Tra una Cyndi Lauper dapprima restia nel prendere parte al progetto, convinta dal fidanzato che la canzone fosse brutta, e in seguito costretta a registrare ancora e ancora la sua strofa per i troppi gioielli che sbattevano facendo rumore nel microfono, allo zoo domestico di Michael Jackson, fatto di scimpanzè, serpenti e merli indiani da accudire durante il processo creativo con Richie. E ancora la superbia di Prince, che lo convinse a rinunciare alla registrazione, Diana Ross commossa dal progetto e restia nel lasciare lo studio o Stevie Wonder che, giocando sulle disabilità di entrambi, propose a Ray Charles di accompagnarlo in bagno.

Un Bob Dylan mai visto

Il più disorientato sembra Bob Dylan, capofila del cantautorato impegnato, immerso a pieno (e suo malgrado?) nel pop per una notte, riluttante rispetto all’entusiasmo dell’intero gruppo cantante. Sono le 5.30 del mattino, e l’artista si prepara a cantare le sue celeberrime battute “there’s a choice we’re making, we’re saving our own lives”. Tentenna, farfuglia, quasi balbetta. Ci riprova, ma non ci riesce. Si affiancano a lui Quincy Jones e Stevie Wonder: il primo gli suggerisce di cambiare tonalità, il secondo ne imita il timbro e lo esorta a rifarla, finalmente con successo. In quel contesto apparentemente omogeneo Dylan sembra un estraneo. Sembra non sapere cosa stia facendo in quel posto pieno di artisti fomentati dalla causa, contenti di prendere parte a un brano che, lo sanno già, sarà storia.
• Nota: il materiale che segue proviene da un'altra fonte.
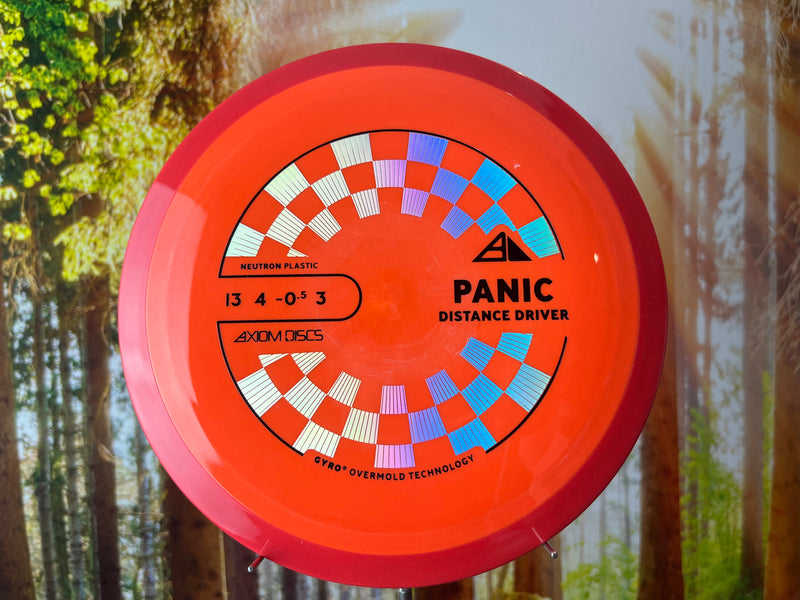 Indlæs billede i Gallery Viewer, Panic Neutron New Design
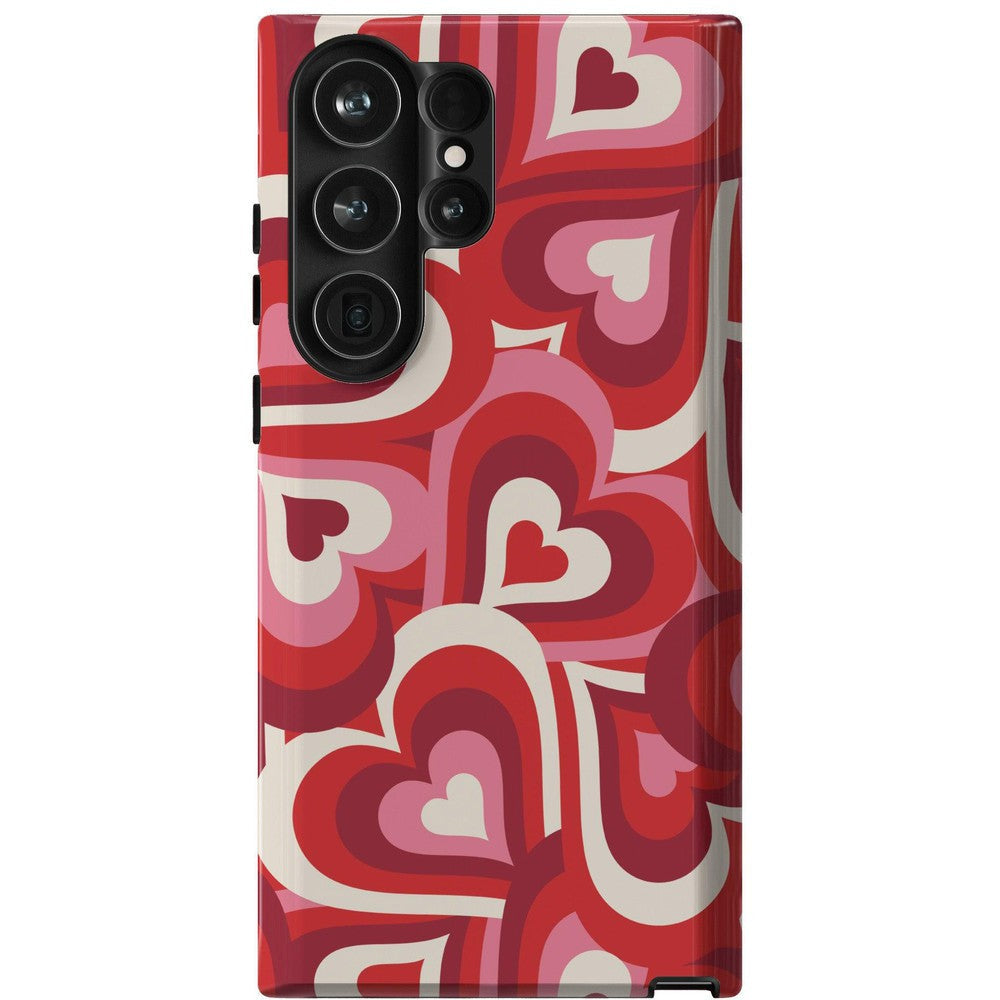 Love Song Remix | Ombre Hearts Case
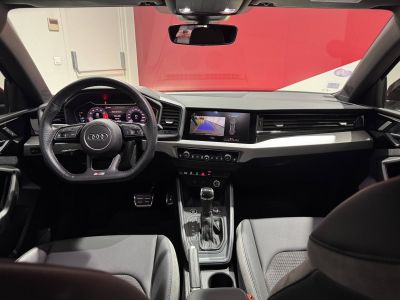 Audi A1 Sportback 40 TFSI 200 ch S tronic 6 S Line   - 13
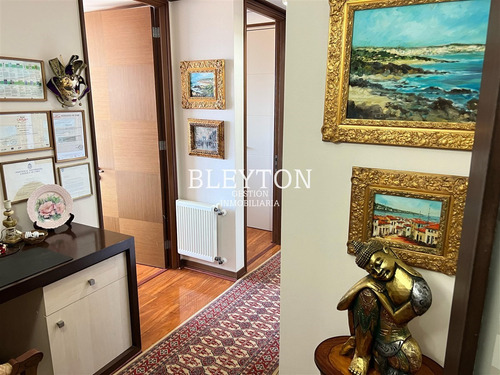 Departamento En Venta De 3 Dorm. Y 2 Baños En Concon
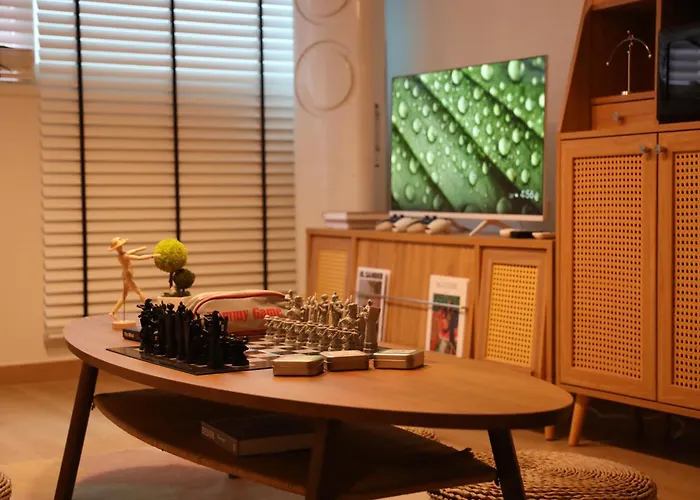 Yeoyoojae - Hoegi, Free Parking, Family-friendly, Near Kyung Hee & Korea Univ, Jongno Appartement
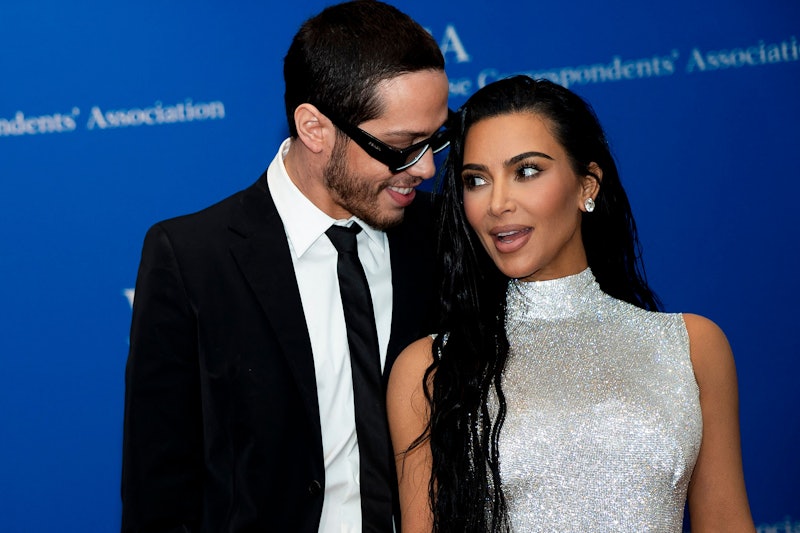 The Kardashians Reveals Kim Kardashian Made The First Move With Pete Davidson After He Ditched Her S...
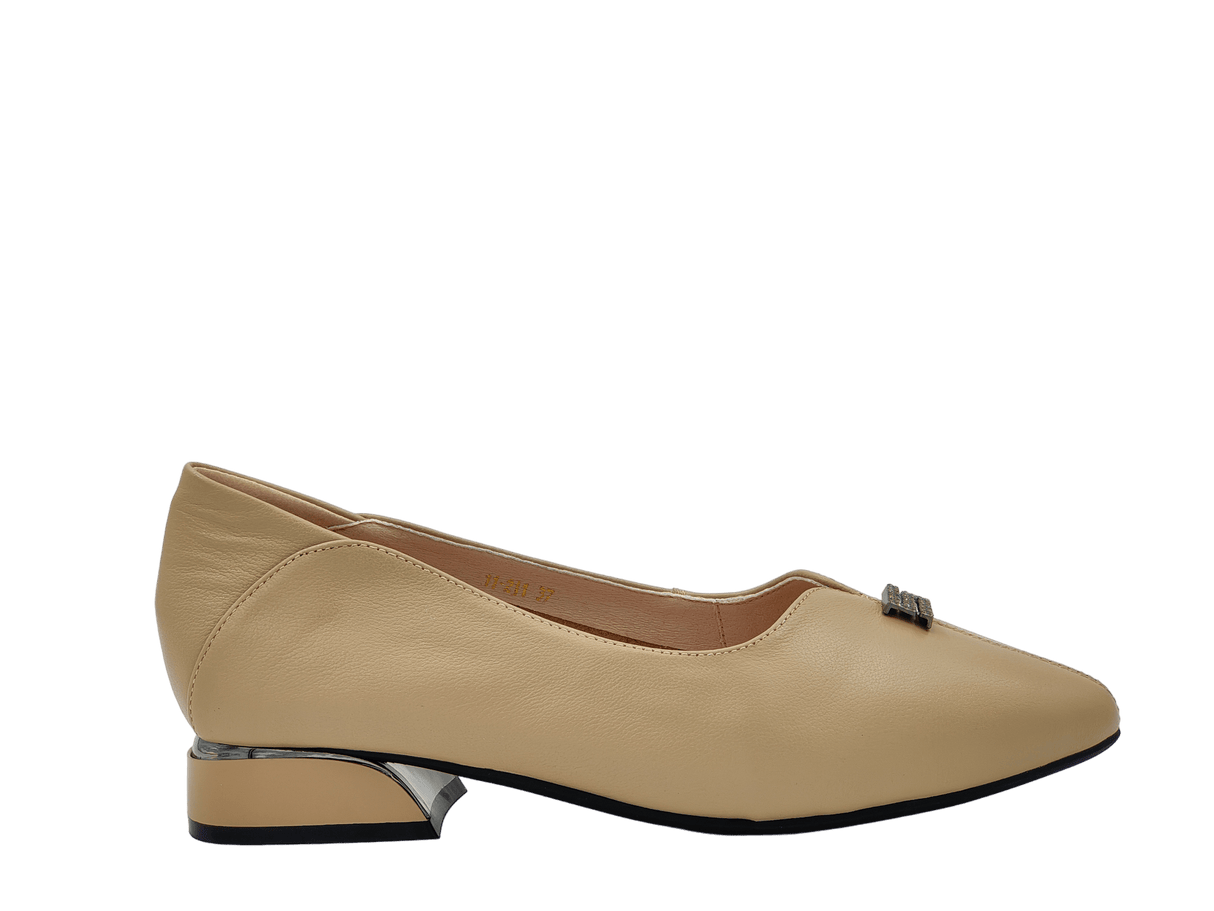 Pantofi Dama Piele Naturala Formazione FENI 11 - 211 - Formazione - amely.ro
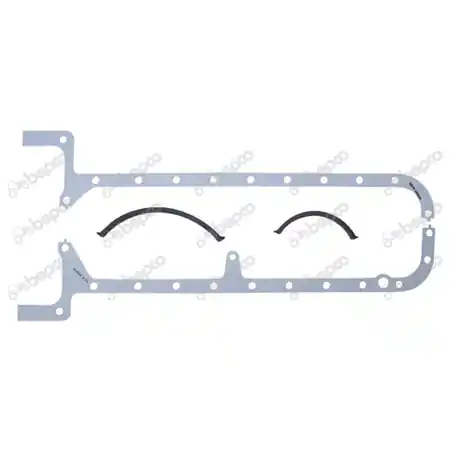 Set garnituri baie ulei 4 pistoane FIAT Discount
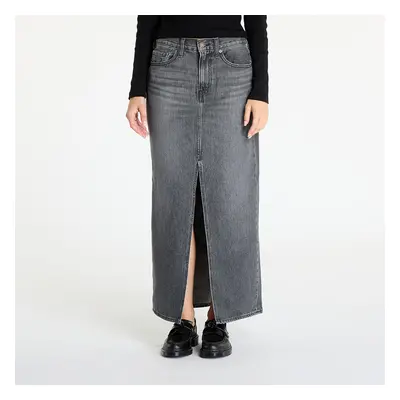 Szoknya Levi's® Ankle Column Skirt Black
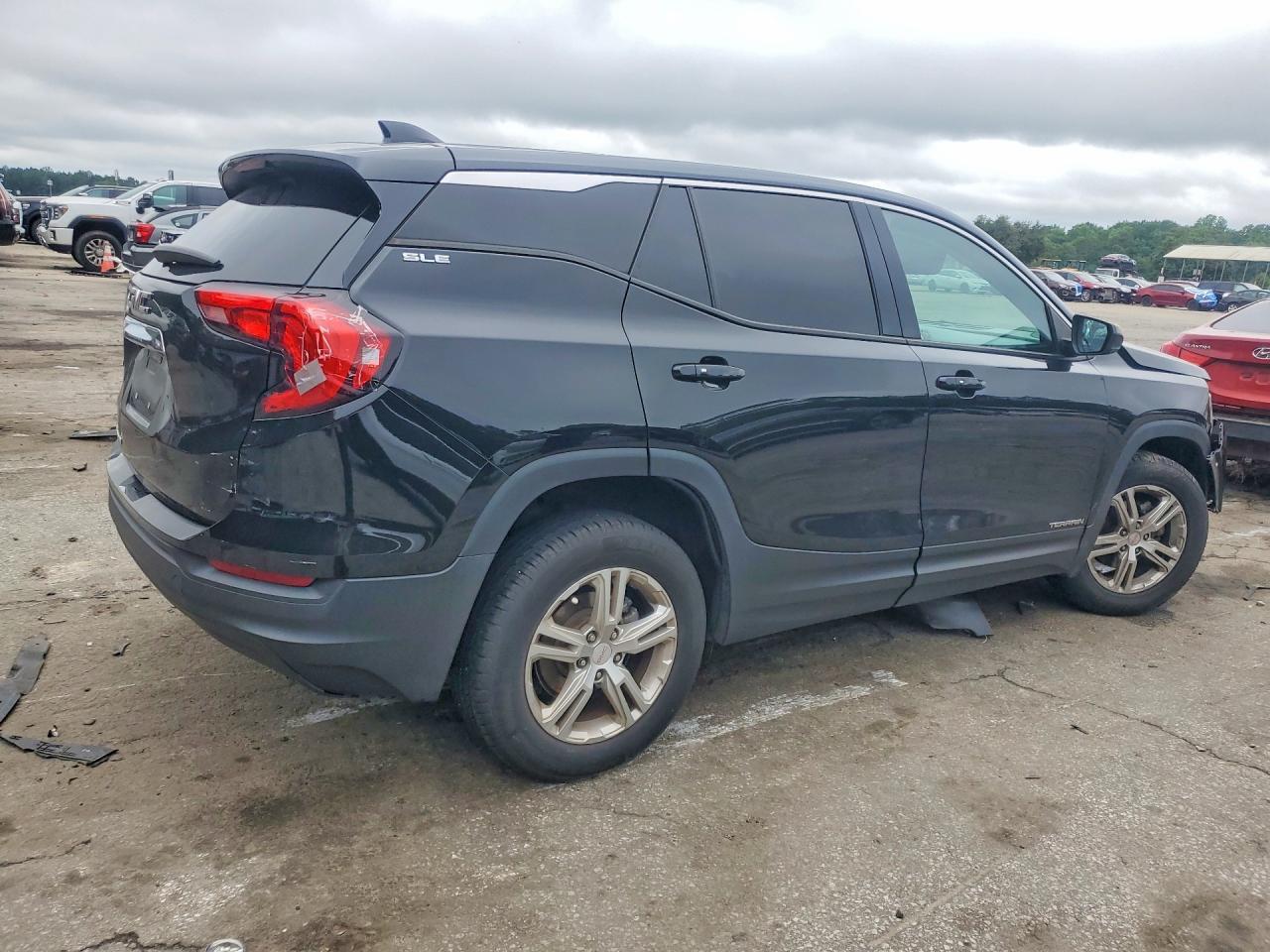 2019 GMC Terrain Sle - Фото 3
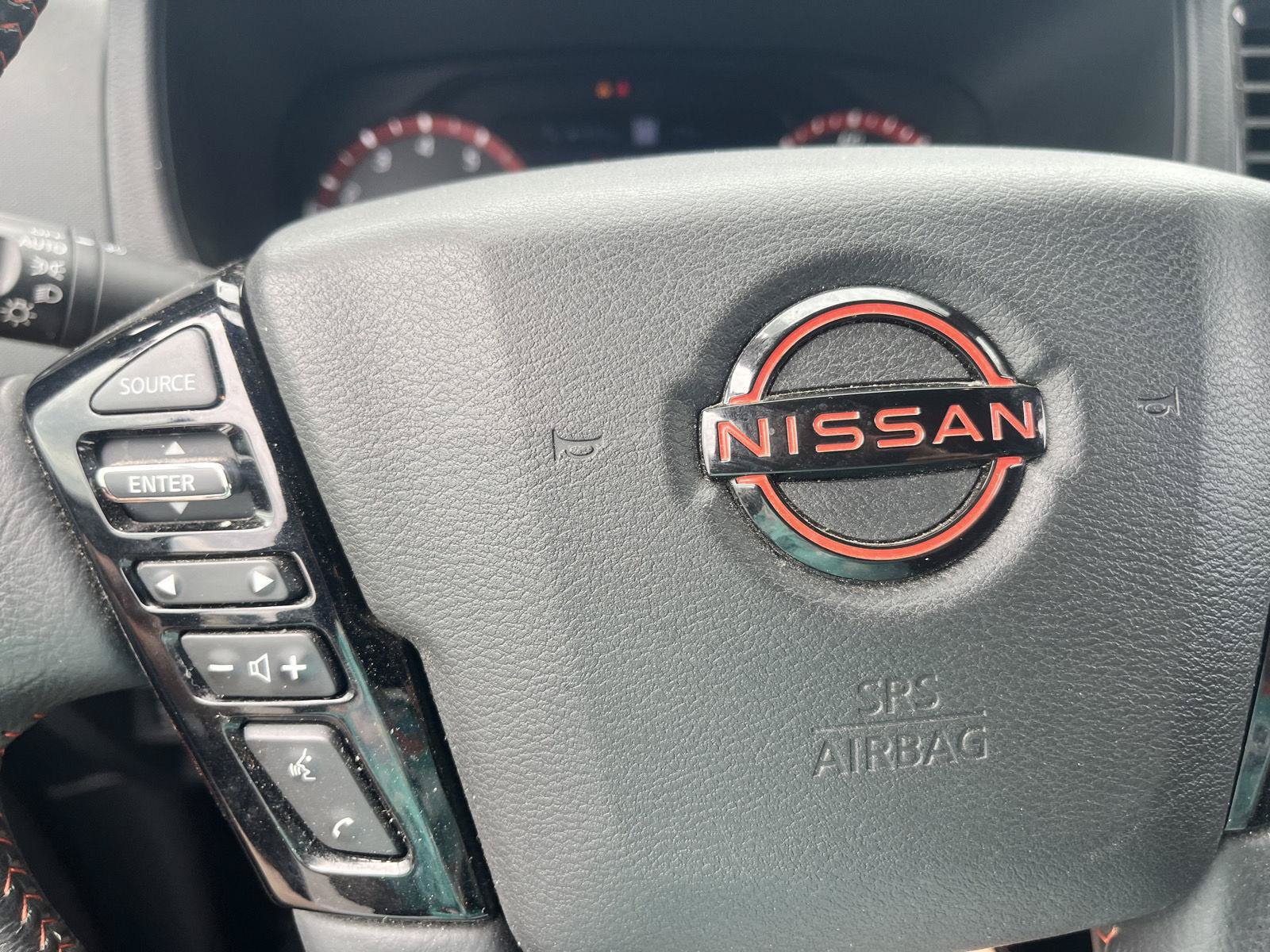 Used 2023 Nissan Frontier Pro-X w/ Technology Package RWD image 25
Per una notte ognuno mette in campo il suo estro creativo, seppur per poche parole, per la lunghezza di una strofa. Qualcuno si sente di troppo e qualcun altro si lascia assoggettare all’enormità di tutti quei miti coinvolti, – che anche visti a distanza di trentanove anni destano ancora una certa soggezione – in un gioco fatto di ritmi, battiti di mani e vocalizzi tanto semplici quanto arguti e lungimiranti, che hanno dato vita al singolo benefico più famoso al mondo.

We Are The World uscì il 7 marzo di quello stesso anno, fu tramessa in mondo-ascolto, e ottenne quattro premi ai Grammy del 1986. Un incasso di ottanta milioni di dollari globali per l’ingegno e il lavoro di una notte, di quarantasei voci a sostegno di quel famoso “brighter day” che sarebbe prima o poi arrivato. In cui quella sera, tutti avevano almeno un po’ cominciato a credere.